Just a few months ago, you could have been forgiven for never having heard of Bill de Blasio.
But the Democratic candidate whose progressive values and multi-racial family became central to his message rode a populist wave to a monster victory Tuesday night, becoming New York City’s first Democratic mayor in 20 years.
The New York City Public Advocate beat long-shot Republican Joe Lhota by a landslide 73% to 24%, according to the latest exit polls. It was a massive win for progressives, as de Blasio promised to be Gotham’s most liberal mayor in several decades. He has pledged to tax the city’s rich to fund education, focus on affordable housing, and reform the city’s controversial stop-and-frisk tactics.
“Thank you, New York City,” de Blasio tweeted shortly after the projected win. He attached a photo of him and his family with their arms around each other after de Blasio cast his vote earlier in the day.
During his victory speech at the YMCA in Brooklyn–not Manhattan–de Blasio said New Yorkers spoke loudly and clearly at the ballot box “for a new direction for our city,” one in which residents are “united by a belief that our city should leave no New Yorker behind.”

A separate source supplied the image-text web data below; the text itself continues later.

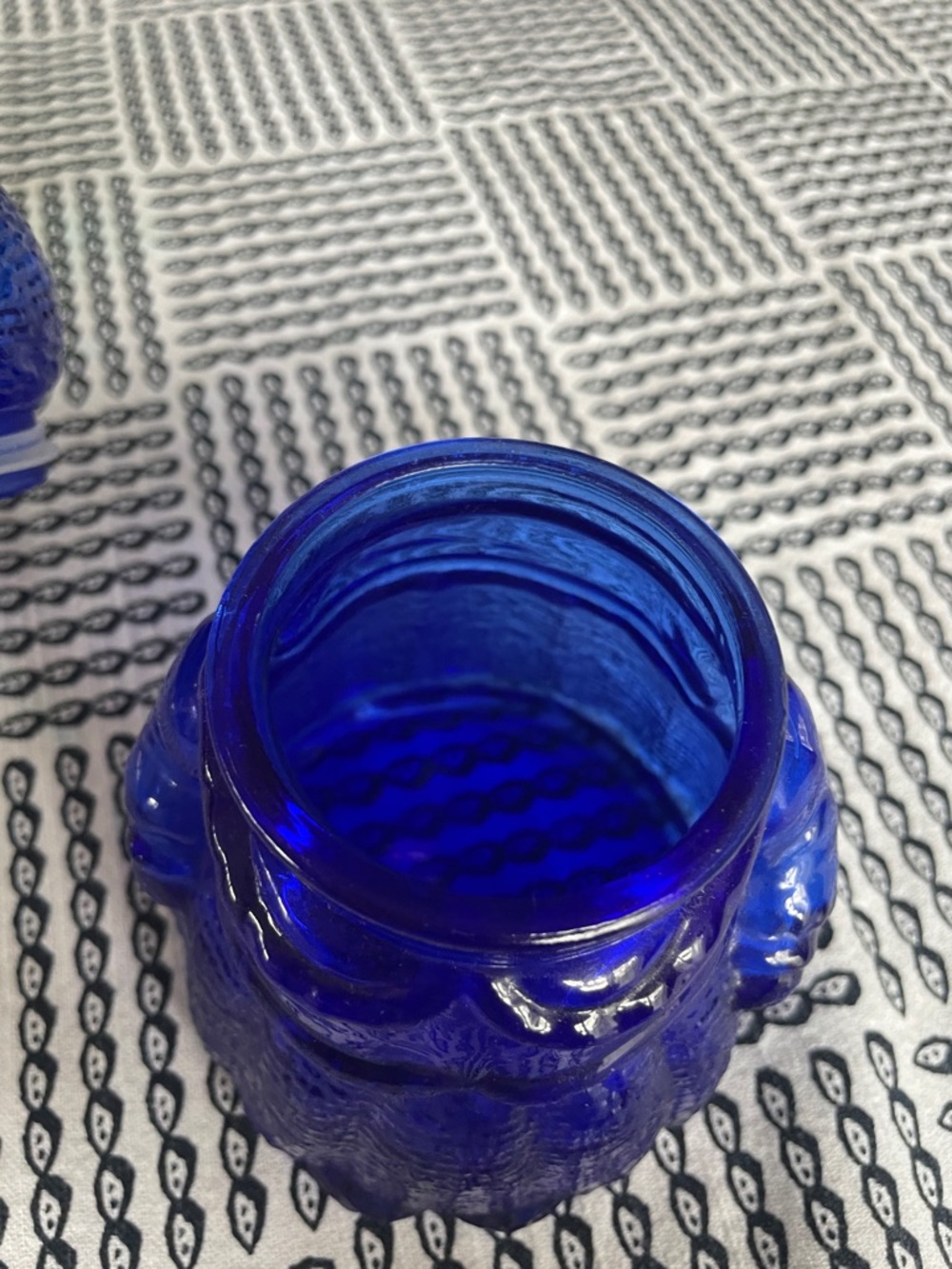 Cobalt Blue glass mother  Bunny with apron Figurine  jar - Picture 7 of 8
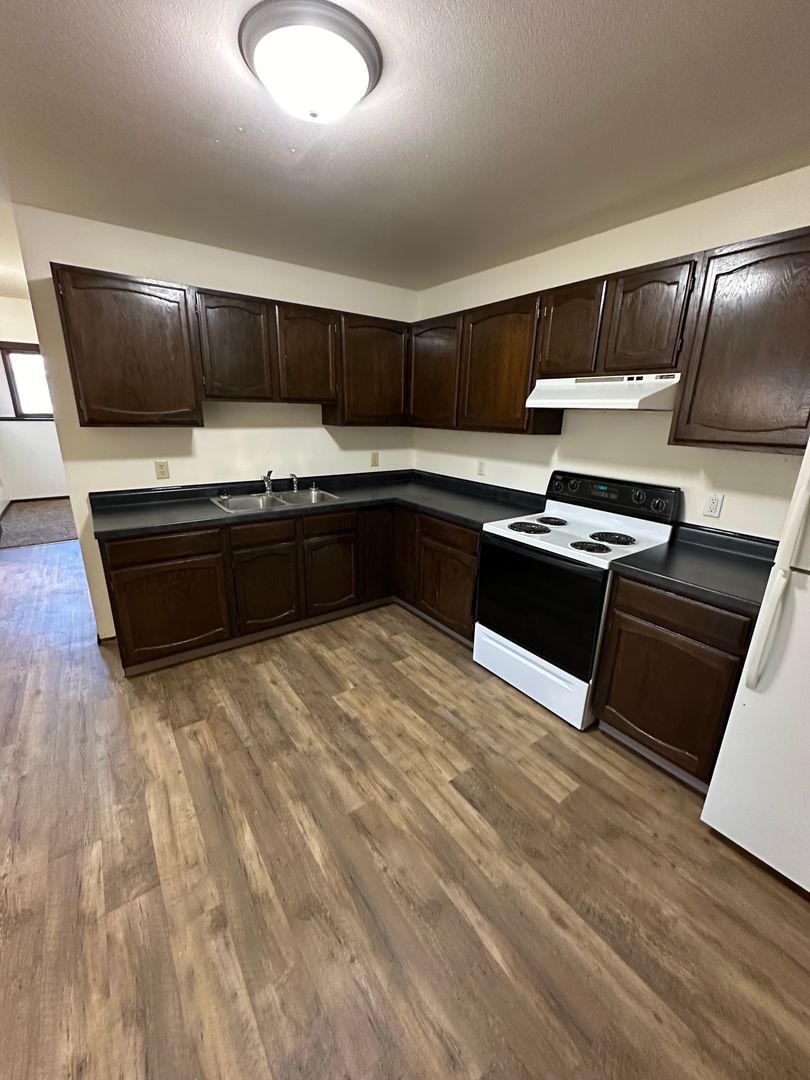 Grand Forks Apartment: 1801 Continental Drive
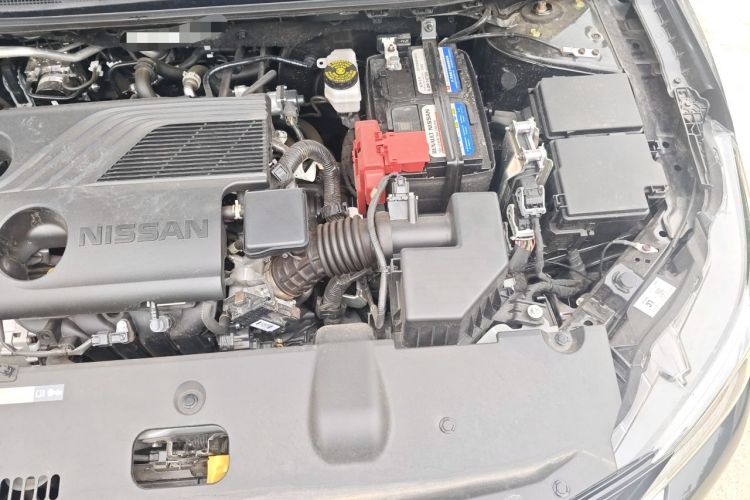 Used Nissan Sylphy 2026 Model 1.6L CVT Enjoyment Edition Engine Bay Left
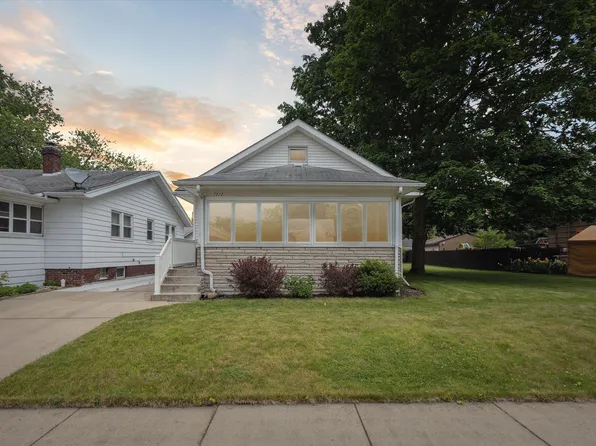 1012 S 25th St, South Bend, IN 46615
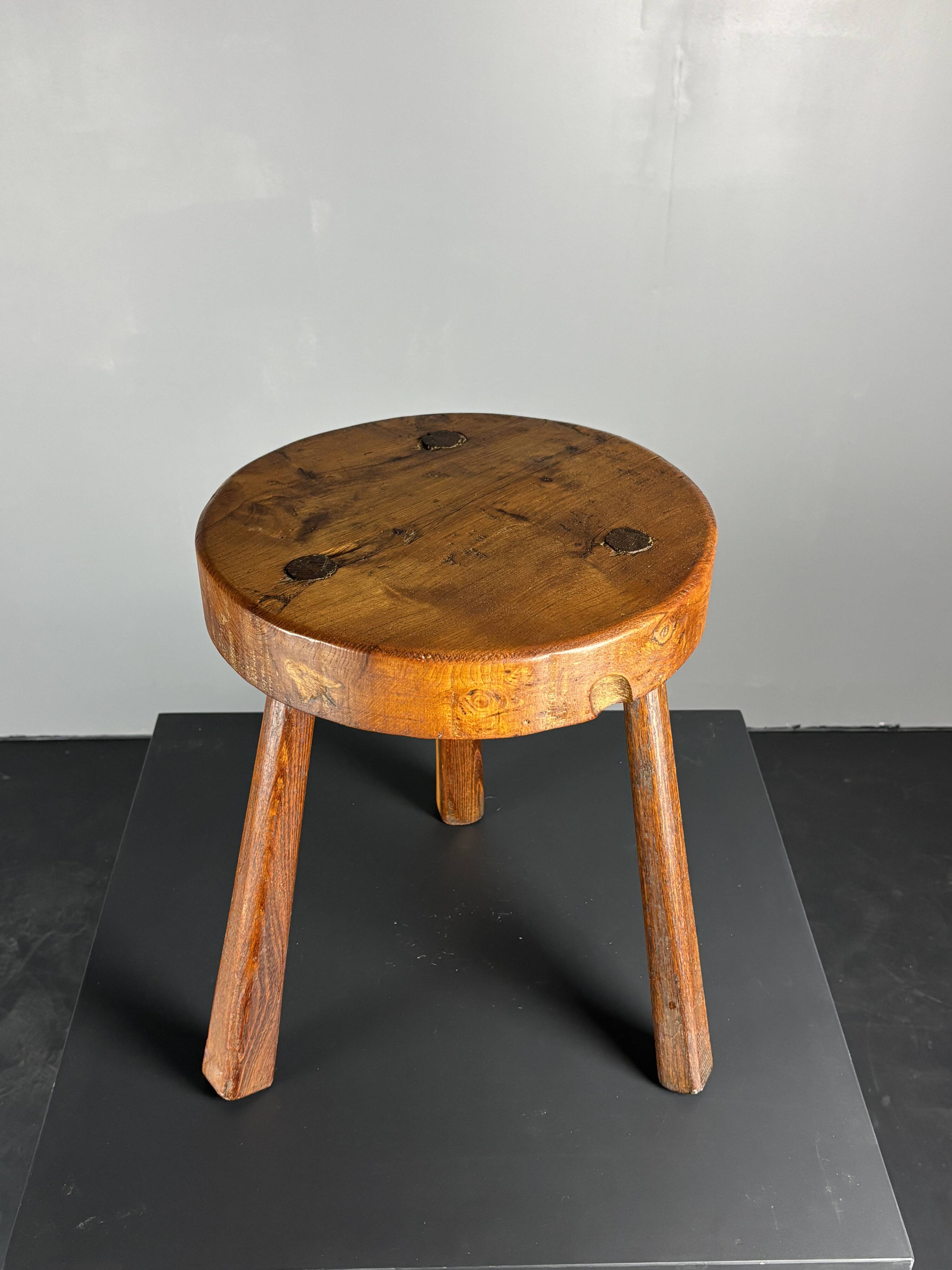 Tabouret de ferme rustique français massif de style brutaliste des années 1950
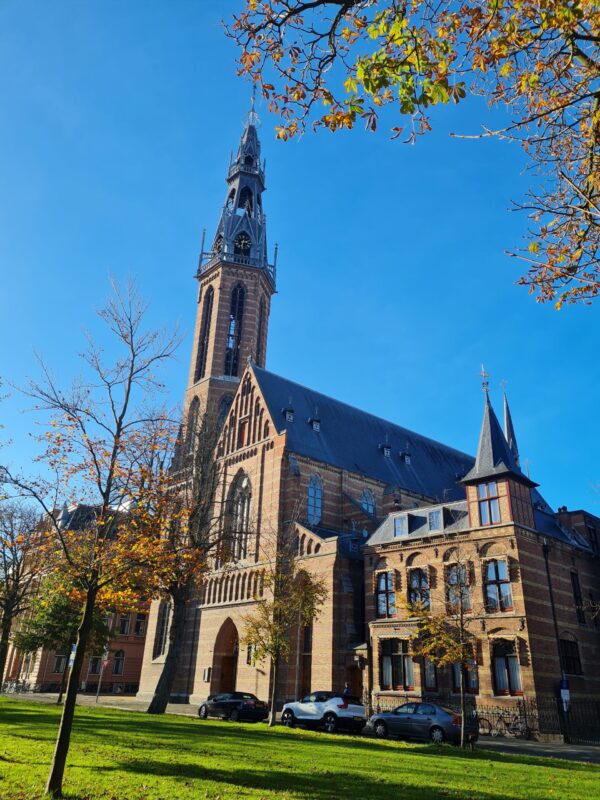 In het overzicht en de lijst van mooiste kerken van Groningen Stad: Sint Jozef kathedraal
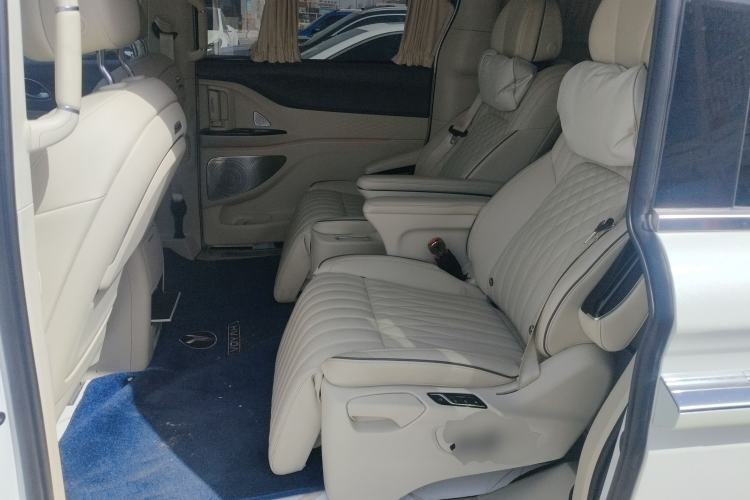 Used VOYAH Dream 2022 Low-Carbon Edition Dream+ Smart Enjoyment Package Left Rear Seat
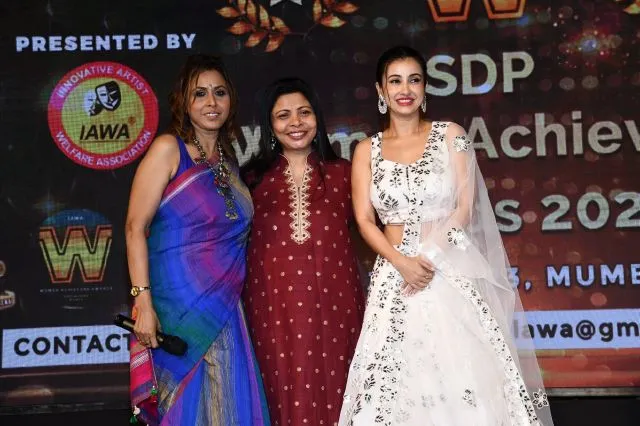  Shomu mitra with Nandita Puri and Monami Ghosh 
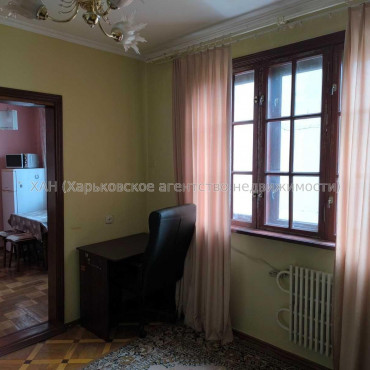 Продам квартиру, Людвига Свободы просп. , 1 кім., 29 м², косметический ремонт 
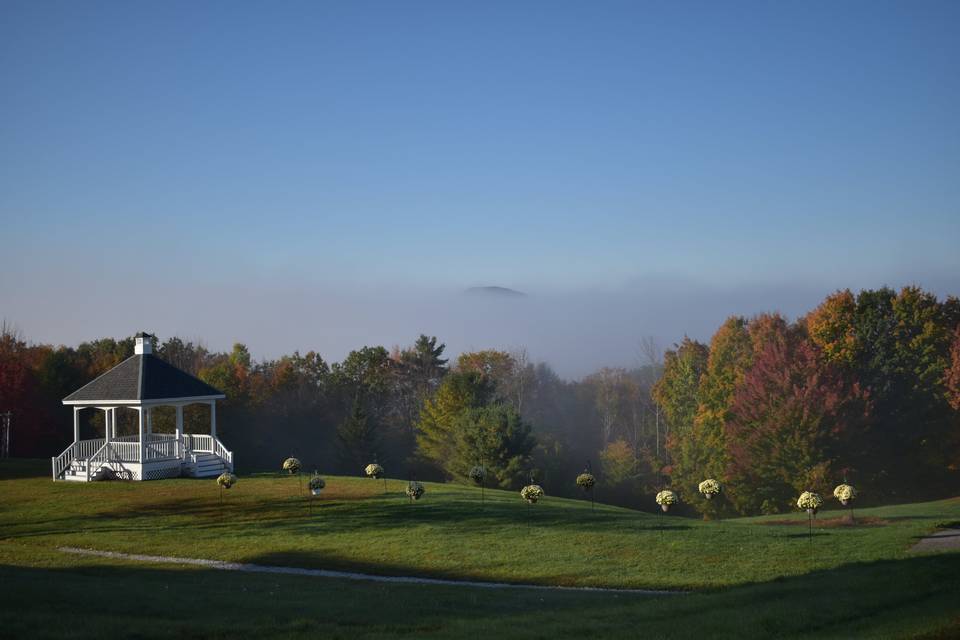 Aisle to Gazebo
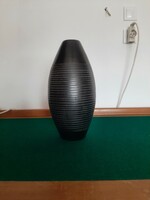 Corundum floor vase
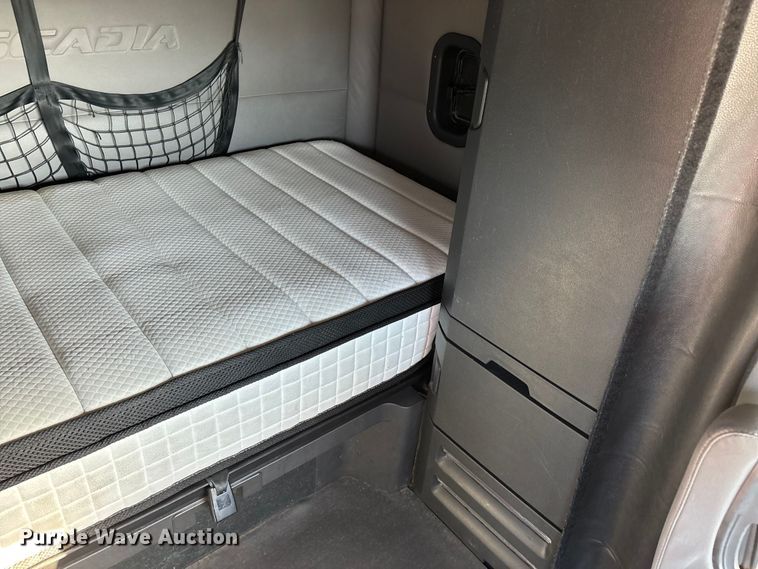 image for item DW7268 2020 Freightliner Cascadia semi truck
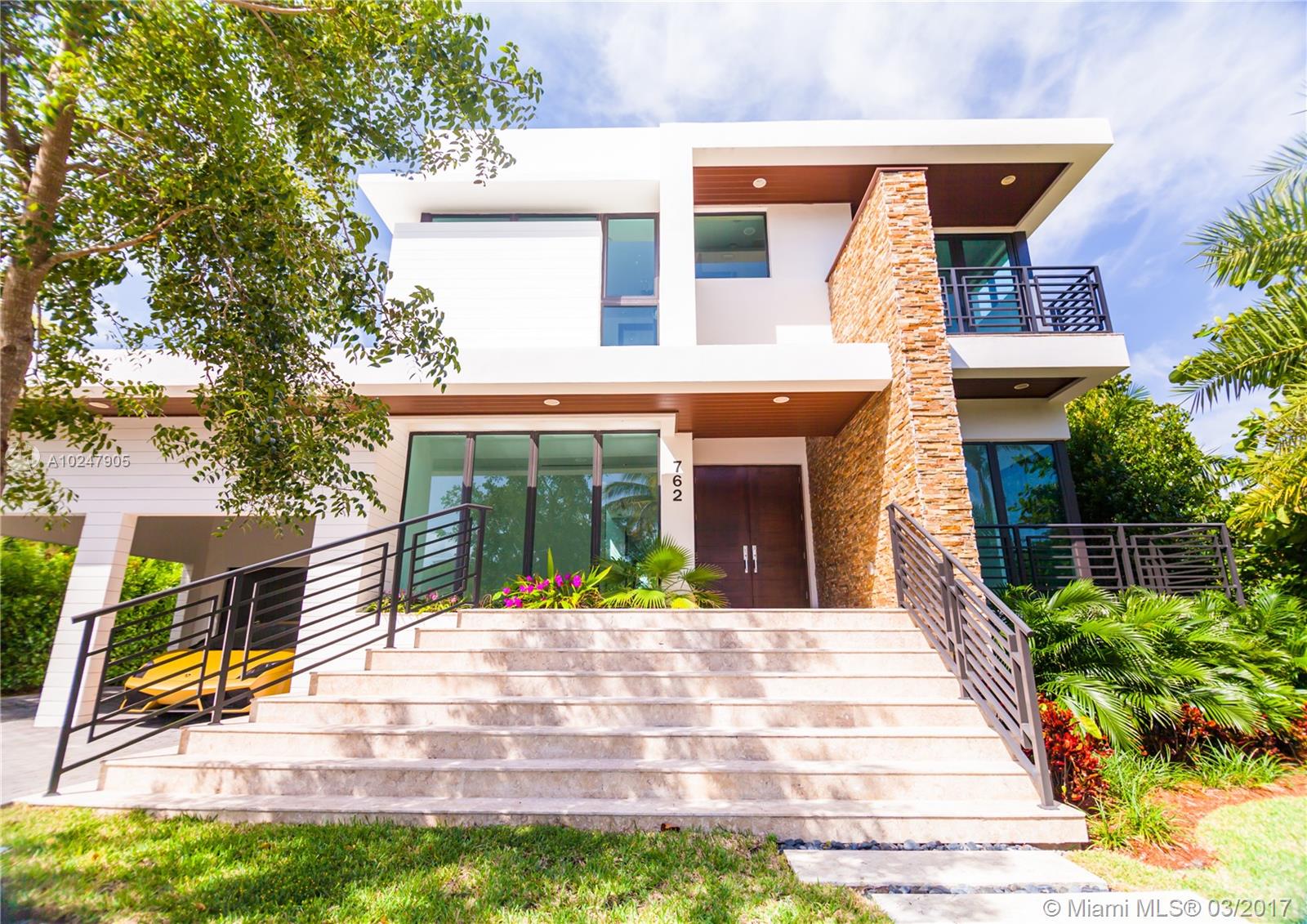 762 Fernwood Rd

He said that while the city’s problems won’t “be solved overnight…make no mistake. The people of this city have chosen a progressive path, and tonight we set forth on it together as one city.”
New York Gov. Andrew Cuomo released a statement congratulating “a true friend and former colleague.” The Democrat added, “He has the experience to run New York City, a compelling vision for its future and he and his family epitomize the New York story. …I know Bill will be a tremendous partner in moving this great city forward.”
De Blasio’s campaign ads featured his children and their middle class home in multi-racial Brooklyn. The ads drew enormous appeal for many voters in a melting pot city of 8 million. His impressively Afro-ed 15-year-old son Dante emerged as a star and regular presence on the campaign trail.
De Blasio was a little known candidate just six months ago amid a crowded field of bold faced names running in the Democratic primary. But one-by-one, the competition fell as progressives turned against City Council Speaker Christie Quinn, who was embraced by Wall Street and seemed to offer an extentsion of Michael Bloomberg’s three-term leadership. Former congressman Anthony Weiner tried to use the mayoral race to stage a political comback before he was destroyed by more revelations of sexting and emailing with female fans.
De Blasio, who stands at 6’ 5’’ – literally a head above his competition – frequently touted economic fairness on the campaign trail, insisting that without a “dramatic change,” an “economic policy that combats inequality and rebuilds our middle class, generations to come will see New York as little more than a playground for the rich.” He ran as a family values man and a candidate who sticks up for the little guy, pitching himself as both the anti-Weiner and the anti-Bloomberg. He successfully tied Quinn, a one-time frontrunner, to Bloomberg, saying she represented the 1 percenters.
The soon-to-be Hizzoner was partially propelled to victory by the city’s public financing system, which doesn’t allow the city’s financial and powerful elite to buy excess sway. Individuals are allowed to give a maximum of $4,950. Here’s the real key though: The city is one of the few in the country, in which each dollar that a donor gives to a candidate is matched by six dollars in public funds, up to $175.
That means for candidates, smaller donations are actually worth seven times their actual value, which incentivizes those running to focus smaller donors, versus the 1 percenters who can dish out lots of cash.
The Big Apple system has been around since 1988, but has been dulled in the last three mayoral cycles because of Bloomberg’s multi-billion-dollar personal fortune. The outgoing mayor, who worked City Council to get himself a third term, did not endorse any candidate though he seemed to prefer Quinn for a period.
For de Blasio, the truly hard part is yet to come as he will need to carve out a leadership style and run the financial and cultural of capital of America. Rudy Giuliani’s legacy was one of economic prosperity and public safety. Bloomberg’s was one of bouncing back after 9/11 and enforcing a nanny-state of health regulations. Many liberals hope that de Blasio will fight for economic and racial equality. But he will have to walk a fine line with Wall Street and millions of residents who are not eager to see already high city taxes increase. He will also need to negotiate over critical services, including schools and transportation, with the governor in Albany.
“There’s not likely to be support for any increase in taxes is an election year,” even from Gov. Andrew Cuomo, who’s up for another term in 2014, said Ken Sherrill, a political science professor at Hunter College. De Blasio “won’t be every progressives’ dream come true over night,” noting there’s likely to be Republican roadblocks and that, put simply, big program changes take time.
“It may go slower than most progressives hope,” said Sherrill. “It’s similar to progressive dissatisfaction with Obama. People who have been waiting for a long time may be unhappy that things are moving a little more slowly than they wanted.”
Jeanne Zaino, a professor of political science at Iona College and of political campaign management at New York University, added candidates have a tendency to “over promise on the campaign trail.” And because New York City has a liberal city council and a Democratic governor “if he fails [to deliver on the programs he’s promised] who can he blame but himself?…There’s a lot of pressure.”